→ Task brief
When you retype the records that follow, keep each word as it is and drop any pictures.

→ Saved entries
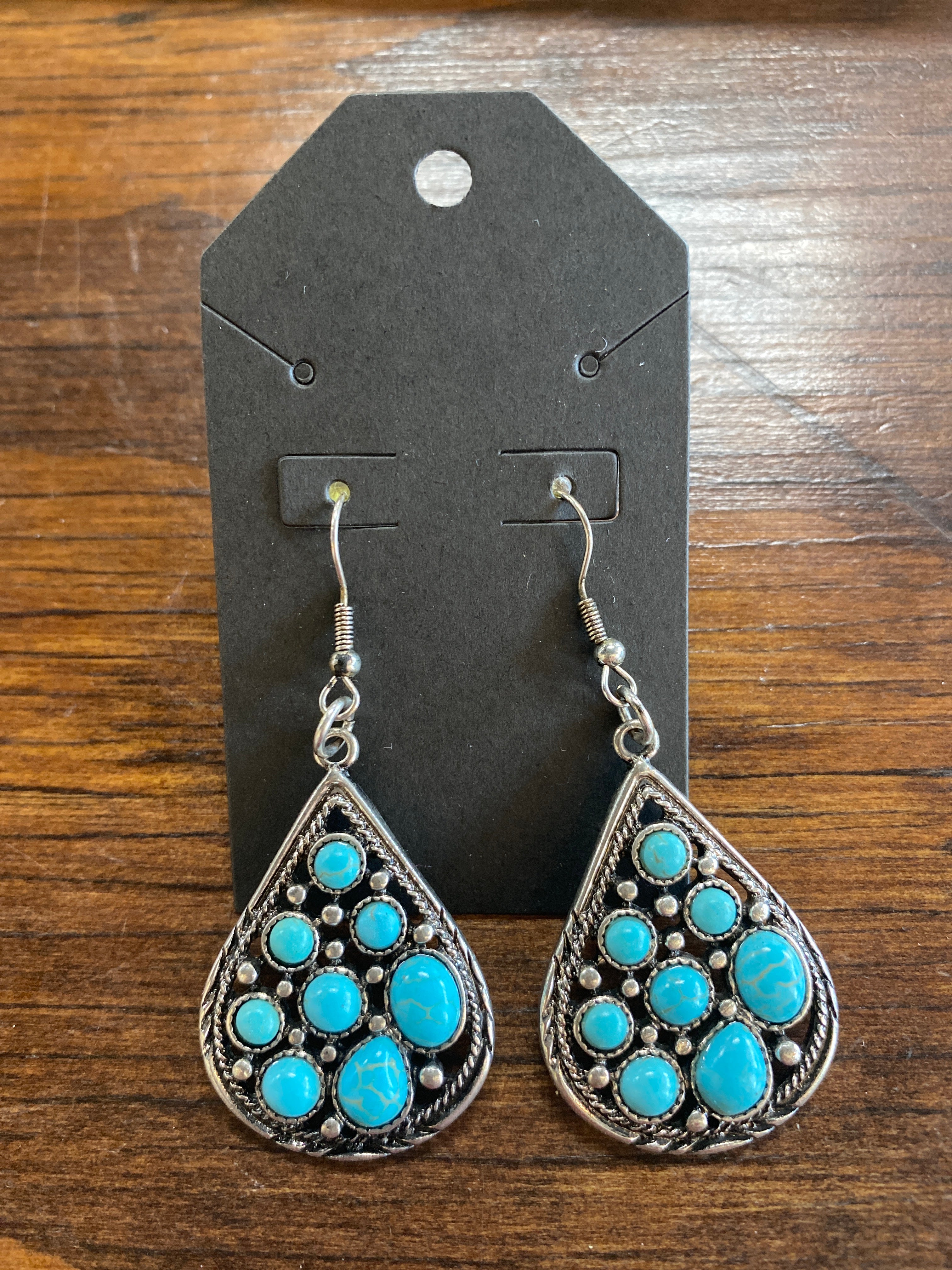 Faux Turquoise Earrings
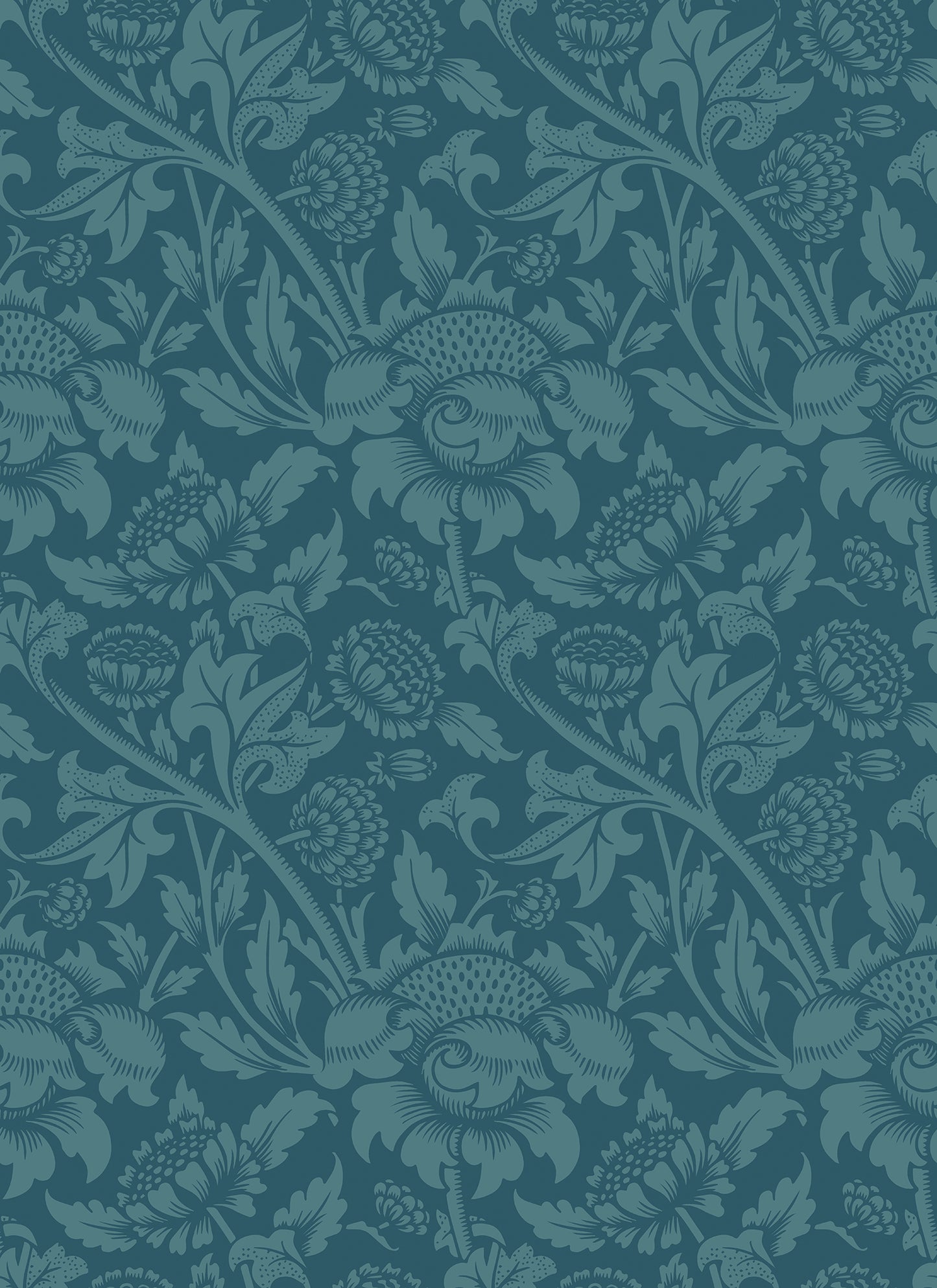 DAMASK TRAIL - Rich Teal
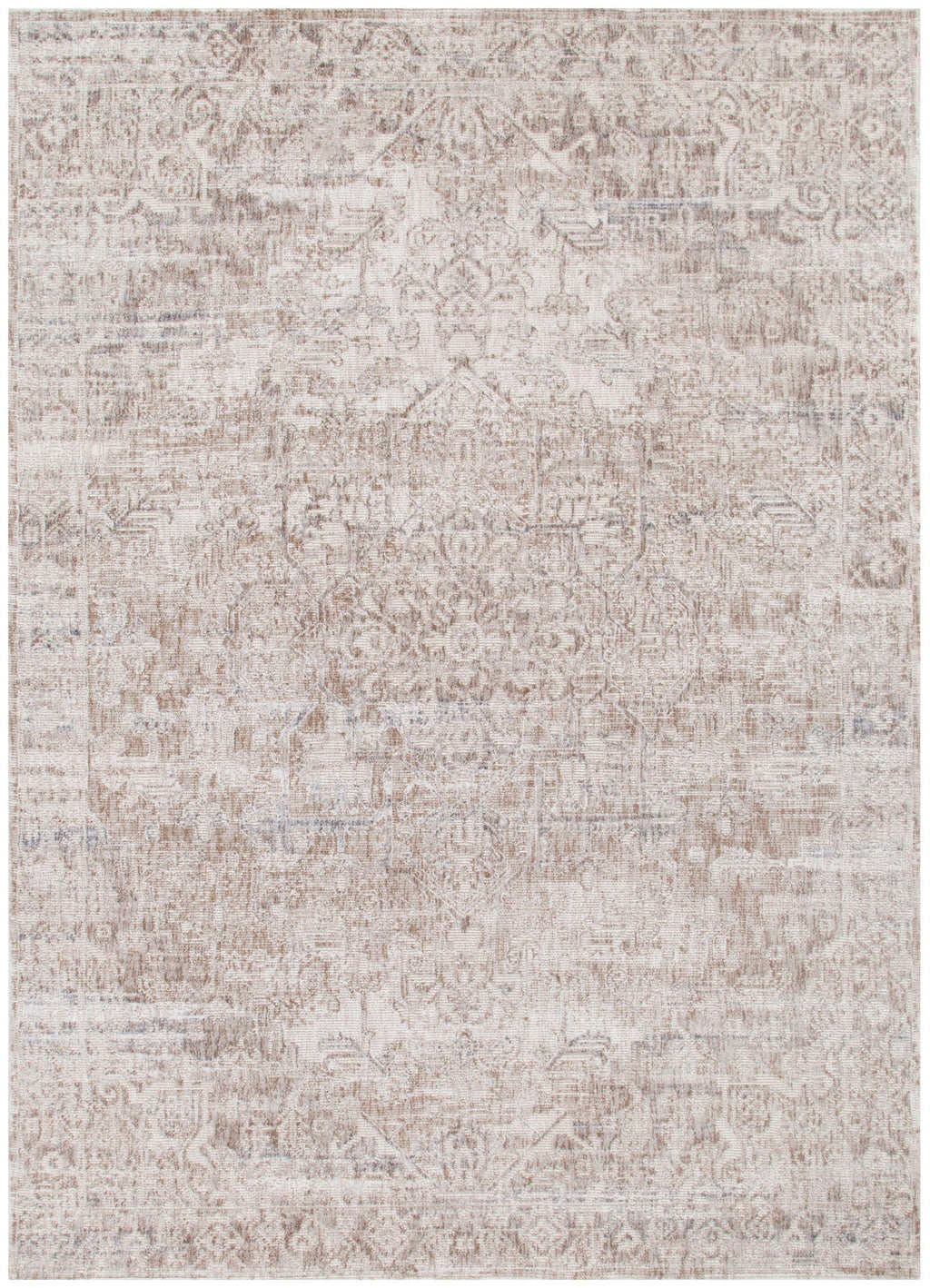 Solenne Beige & Blue Distressed Vintage Rug - S100 – view 2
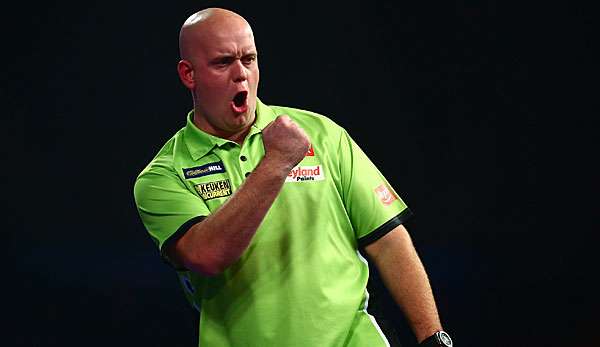Michael van Gerwen setzte sich mit 6:3 gegen Rene Eidams durch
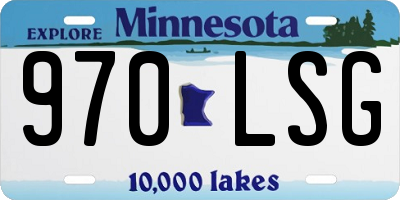 MN license plate 970LSG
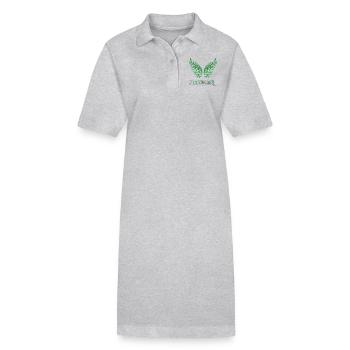 engel zadkiel e 4 - Stanley/Stella Frauen Bio-Polokleid PAIGER - Grau meliert - Vorne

→ Solution below
 Faux Turquoise Earrings
 DAMASK TRAIL - Rich Teal
 Solenne Beige & Blue Distressed Vintage Rug - S100 – view 2
Michael van Gerwen setzte sich mit 6:3 gegen Rene Eidams durch
 MN license plate 970LSG
 engel zadkiel e 4 - Stanley/Stella Frauen Bio-Polokleid PAIGER - Grau meliert - Vorne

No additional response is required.